§ **Task input**:

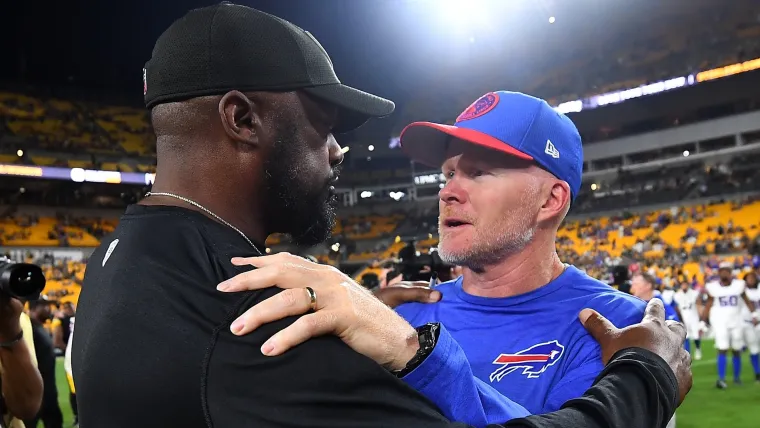 NFL trade rumor from Adam Schefter is great news for Steelers, Bills, Broncos image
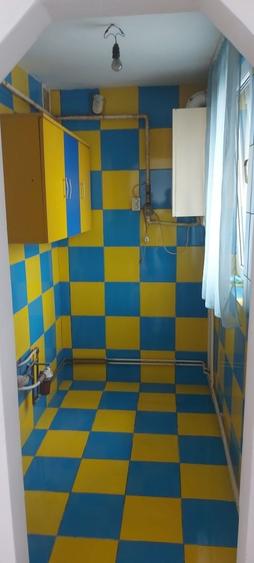Apartament cu 2 camere în Târnăveni
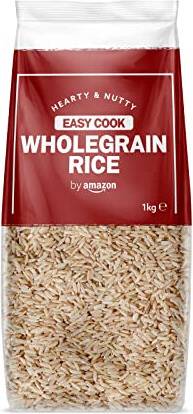 Wholegrain Rice 1kg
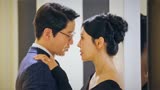 韩国电视剧顶楼解说，女人当场被丈夫数落，转眼投向他人怀抱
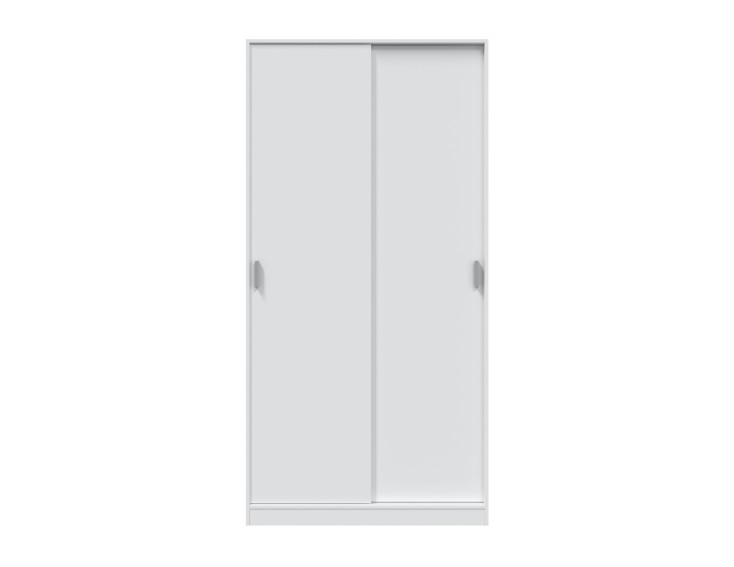 ARMARIO DE 2 PUERTAS CORREDERAS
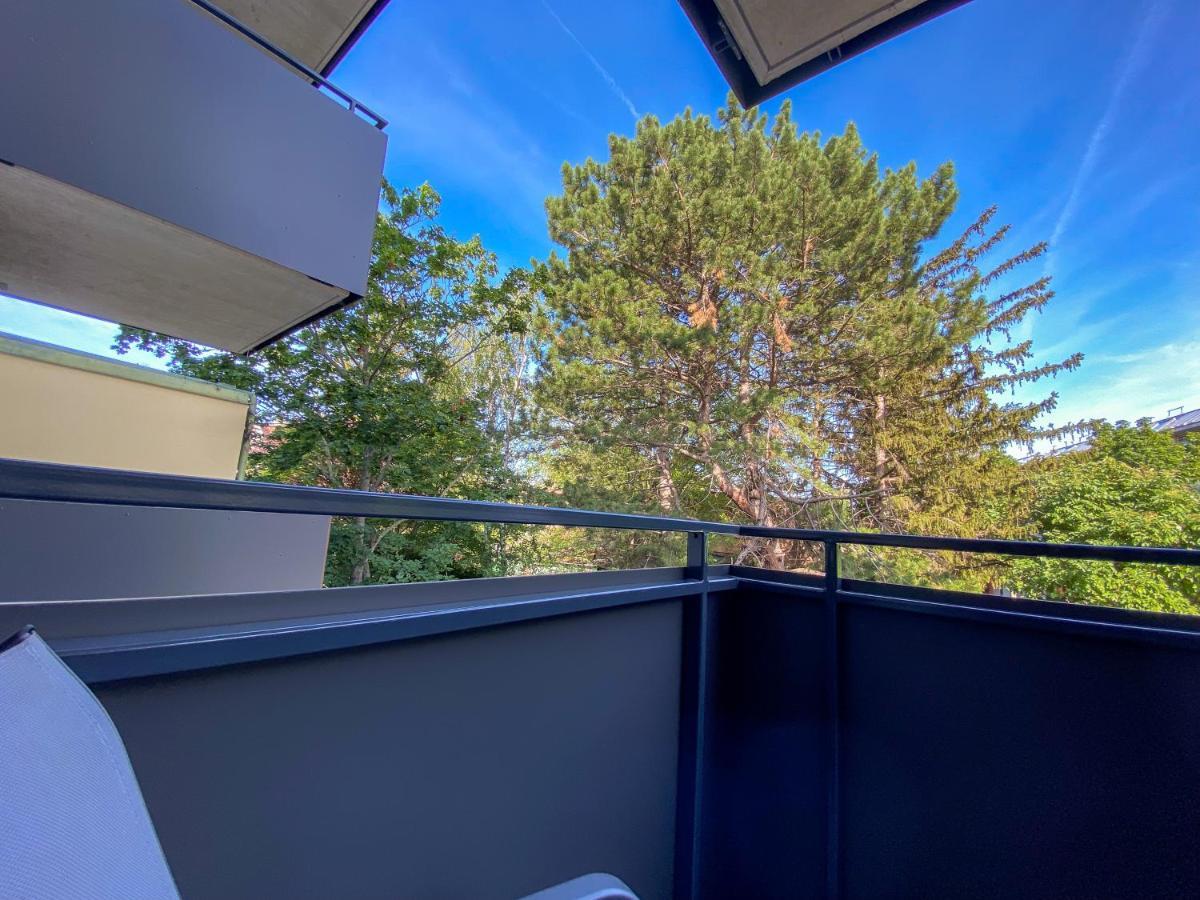Appartement Darebell Designerapartments Calvigasse *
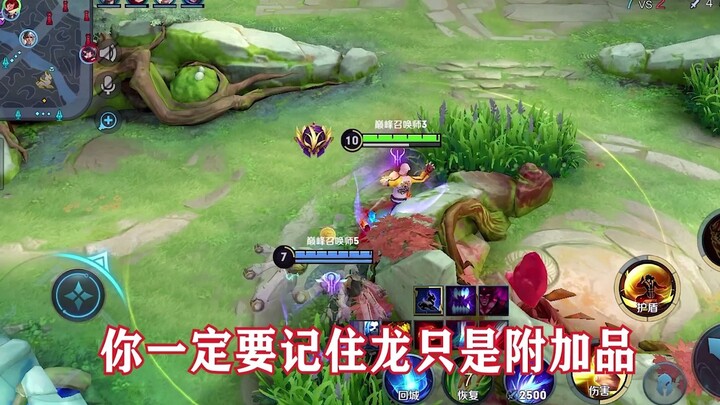 How do you dominate a 2000-point peak match by wiping the board in just 7 minutes and building a 10,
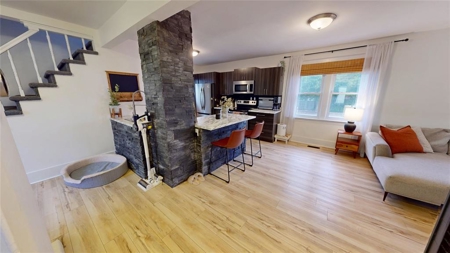 Updated 2-Bedroom Home in Sarnia, Ontario - image 8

§ **About this task**: Each record must appear again exactly as written above, without its pictures.

§ **Solution to this problem**:
 NFL trade rumor from Adam Schefter is great news for Steelers, Bills, Broncos image
Apartament cu 2 camere în Târnăveni
 Wholegrain Rice 1kg
 韩国电视剧顶楼解说，女人当场被丈夫数落，转眼投向他人怀抱
 ARMARIO DE 2 PUERTAS CORREDERAS
Appartement Darebell Designerapartments Calvigasse *
 How do you dominate a 2000-point peak match by wiping the board in just 7 minutes and building a 10,
 Updated 2-Bedroom Home in Sarnia, Ontario - image 8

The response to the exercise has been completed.